*** Opening of Supplied data ***
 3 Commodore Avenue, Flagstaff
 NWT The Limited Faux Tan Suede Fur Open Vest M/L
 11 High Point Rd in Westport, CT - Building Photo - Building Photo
*** Close of Supplied data ***
*** Opening of Supplied data ***
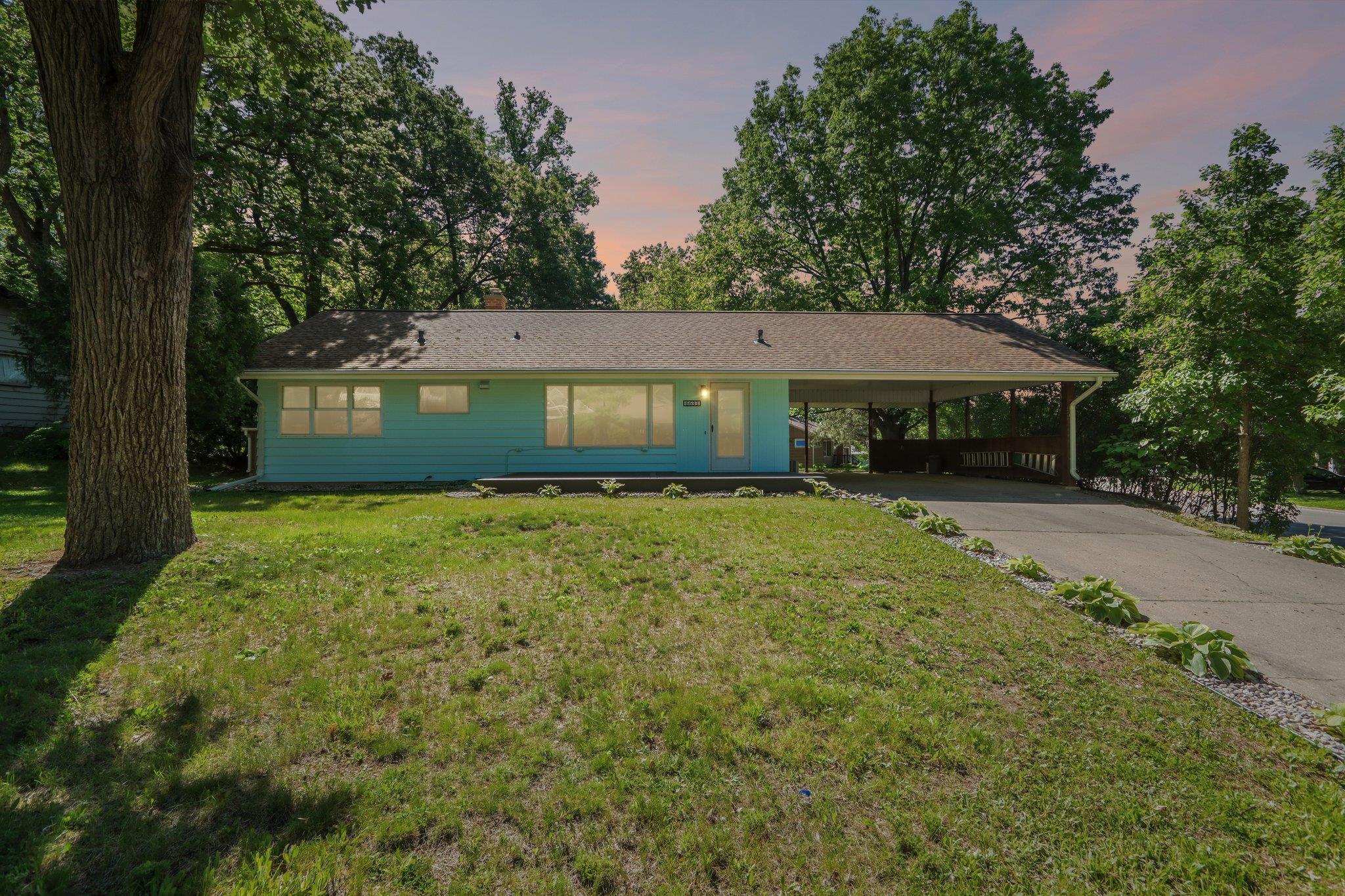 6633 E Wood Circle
*** Close of Supplied data ***
#### Problem description
Look through the material above and print exactly the lines from the one containing "3 Commodore Avenue, Flagstaff" to the one containing "11 High Point", both included, and nothing more.

#### Response to the task
 3 Commodore Avenue, Flagstaff
 NWT The Limited Faux Tan Suede Fur Open Vest M/L
 11 High Point Rd in Westport, CT - Building Photo - Building Photo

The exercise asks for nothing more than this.